Washington Post (if you get the paywall, hit ESC as it loads);
The matter of the Weiner laptop emails has been debated publicly for more than a year, in part because many Clinton supporters say the FBI tilted the 2016 race toward Donald Trump when it announced in late October that it was reopening its probe into Clinton’s use of a private email server when she served as secretary of state.
Key parts of what went into that decision have remained murky and are a major focus of the inspector general’s probe, according to people familiar with the matter.
In late September 2016, FBI agents in New York were investigating Weiner for possible Internet crimes involving a teenage girl. In the course of that probe, they discovered that his laptop contained thousands of work emails belonging to Weiner’s then-wife, Huma Abedin.
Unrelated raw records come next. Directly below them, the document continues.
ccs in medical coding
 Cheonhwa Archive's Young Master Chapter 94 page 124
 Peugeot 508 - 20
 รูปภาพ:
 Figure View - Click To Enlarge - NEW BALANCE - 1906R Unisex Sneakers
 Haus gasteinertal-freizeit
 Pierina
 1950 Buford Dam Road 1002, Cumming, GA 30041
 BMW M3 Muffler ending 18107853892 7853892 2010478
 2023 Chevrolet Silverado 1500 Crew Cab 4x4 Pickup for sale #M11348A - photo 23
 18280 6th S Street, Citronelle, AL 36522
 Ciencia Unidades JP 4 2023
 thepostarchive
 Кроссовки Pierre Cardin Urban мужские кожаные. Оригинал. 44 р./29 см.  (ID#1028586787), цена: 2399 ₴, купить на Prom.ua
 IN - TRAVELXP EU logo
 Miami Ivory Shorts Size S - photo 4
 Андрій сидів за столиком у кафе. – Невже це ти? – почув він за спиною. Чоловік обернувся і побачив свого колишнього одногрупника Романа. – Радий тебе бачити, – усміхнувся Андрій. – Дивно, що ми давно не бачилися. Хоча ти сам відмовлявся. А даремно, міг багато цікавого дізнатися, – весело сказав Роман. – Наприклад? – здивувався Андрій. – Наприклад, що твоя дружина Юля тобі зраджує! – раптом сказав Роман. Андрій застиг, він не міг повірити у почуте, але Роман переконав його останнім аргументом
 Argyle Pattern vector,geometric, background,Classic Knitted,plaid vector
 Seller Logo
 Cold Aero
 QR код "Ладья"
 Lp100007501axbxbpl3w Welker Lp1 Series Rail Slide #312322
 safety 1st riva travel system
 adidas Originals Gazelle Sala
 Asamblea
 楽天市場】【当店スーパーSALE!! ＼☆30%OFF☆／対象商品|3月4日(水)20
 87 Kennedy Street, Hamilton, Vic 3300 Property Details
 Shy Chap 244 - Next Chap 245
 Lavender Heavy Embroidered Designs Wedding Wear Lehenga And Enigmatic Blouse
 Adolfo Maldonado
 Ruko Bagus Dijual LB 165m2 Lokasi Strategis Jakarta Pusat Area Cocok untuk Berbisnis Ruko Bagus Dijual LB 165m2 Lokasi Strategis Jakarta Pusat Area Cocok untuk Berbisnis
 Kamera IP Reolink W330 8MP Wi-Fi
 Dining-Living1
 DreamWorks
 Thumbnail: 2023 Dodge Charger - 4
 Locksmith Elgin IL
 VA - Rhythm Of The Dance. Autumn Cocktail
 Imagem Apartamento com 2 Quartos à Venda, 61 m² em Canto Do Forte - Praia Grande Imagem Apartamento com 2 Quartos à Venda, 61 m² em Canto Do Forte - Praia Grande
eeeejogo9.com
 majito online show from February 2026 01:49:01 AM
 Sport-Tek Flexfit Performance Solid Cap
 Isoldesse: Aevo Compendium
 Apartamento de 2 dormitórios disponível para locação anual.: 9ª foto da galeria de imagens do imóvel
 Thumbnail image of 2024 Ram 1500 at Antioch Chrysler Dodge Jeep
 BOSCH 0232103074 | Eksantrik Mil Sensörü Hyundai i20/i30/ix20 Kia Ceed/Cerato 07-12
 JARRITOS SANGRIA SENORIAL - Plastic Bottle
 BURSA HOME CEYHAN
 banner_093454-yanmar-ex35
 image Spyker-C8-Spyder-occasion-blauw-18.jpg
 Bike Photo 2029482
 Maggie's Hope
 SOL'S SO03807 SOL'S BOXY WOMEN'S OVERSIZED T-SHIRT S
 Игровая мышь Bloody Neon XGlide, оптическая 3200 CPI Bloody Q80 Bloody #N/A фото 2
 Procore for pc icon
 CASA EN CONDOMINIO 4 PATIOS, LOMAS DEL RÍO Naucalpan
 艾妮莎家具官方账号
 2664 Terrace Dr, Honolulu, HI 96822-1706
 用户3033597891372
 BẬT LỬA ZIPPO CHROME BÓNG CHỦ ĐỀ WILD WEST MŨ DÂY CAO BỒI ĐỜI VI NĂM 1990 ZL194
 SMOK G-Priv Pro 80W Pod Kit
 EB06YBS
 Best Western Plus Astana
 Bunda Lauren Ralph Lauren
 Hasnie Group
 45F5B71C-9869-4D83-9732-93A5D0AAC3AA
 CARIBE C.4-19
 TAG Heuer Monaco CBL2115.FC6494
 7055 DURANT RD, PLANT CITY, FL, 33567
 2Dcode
Abedin was a longtime aide to Clinton, and agents wanted to know whether the emails in question might shed new light on the Clinton investigation, which had been closed in July without any charges.
The New York FBI office alerted FBI headquarters to the new email issue within days — accounts differ as to when precisely, but McCabe was aware of the matter by late September or early October at the latest, according to the people familiar with the matter. The agents on the Weiner case wanted to talk to the Clinton email investigators and see whether the messages were potentially important. Some people familiar with the matter said officials at FBI headquarters asked the New York agents to analyze the emails’ metadata — the sender, recipient and times of the messages — to see whether they seemed relevant to the closed probe.
McCabe was involved in those discussions, but there are differing accounts about how much then-FBI Director James B. Comey understood about the matter in the early days of October.
An attorney for Comey could not immediately be reached for comment.
So, I think we know why Comey “reopened” the Clinton investigation just days before the election — self-preservation.